## The task
Transcribe every line of the material below without change, apart from dropping the pictures.

## Material provided
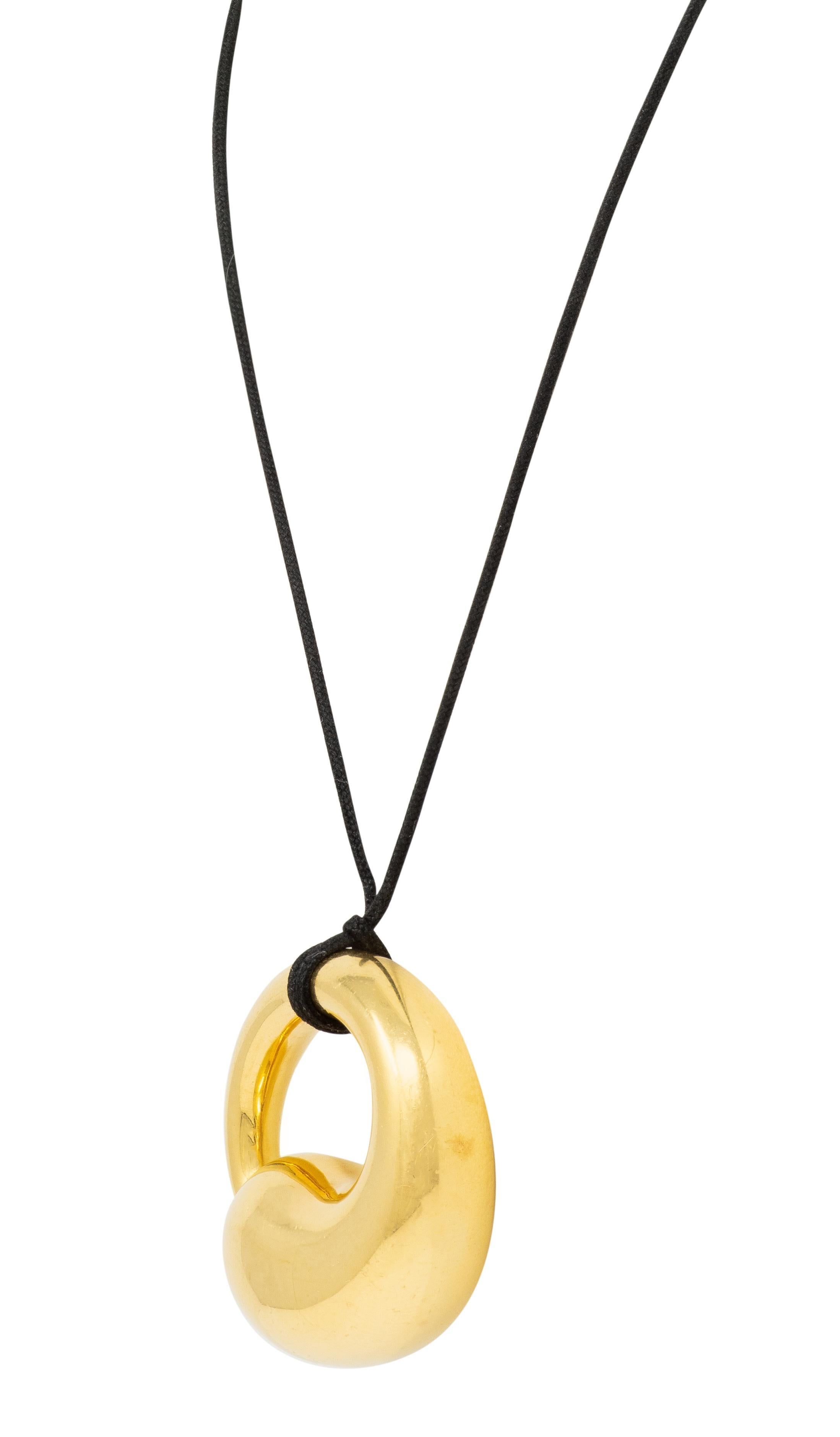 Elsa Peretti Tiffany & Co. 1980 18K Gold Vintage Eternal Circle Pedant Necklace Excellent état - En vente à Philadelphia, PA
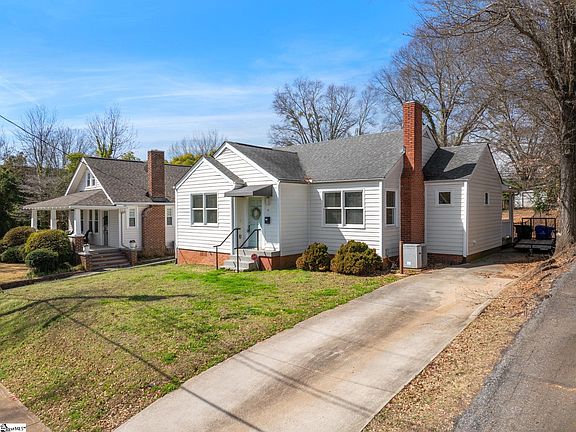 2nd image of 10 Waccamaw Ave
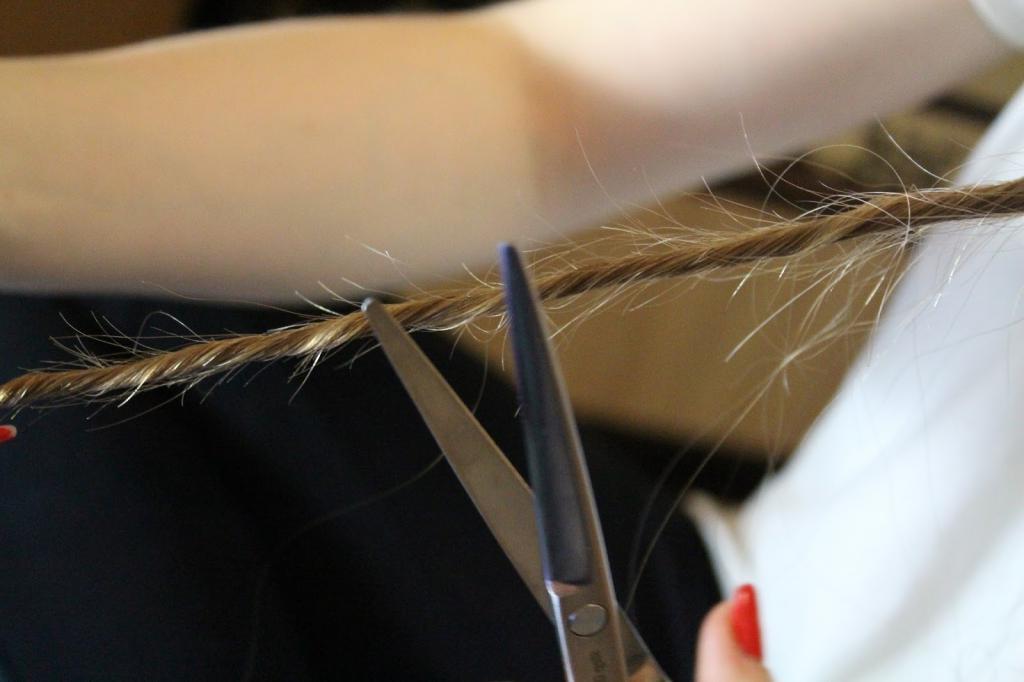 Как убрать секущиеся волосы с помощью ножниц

## Reply
 Elsa Peretti Tiffany & Co. 1980 18K Gold Vintage Eternal Circle Pedant Necklace Excellent état - En vente à Philadelphia, PA
 2nd image of 10 Waccamaw Ave
 Как убрать секущиеся волосы с помощью ножниц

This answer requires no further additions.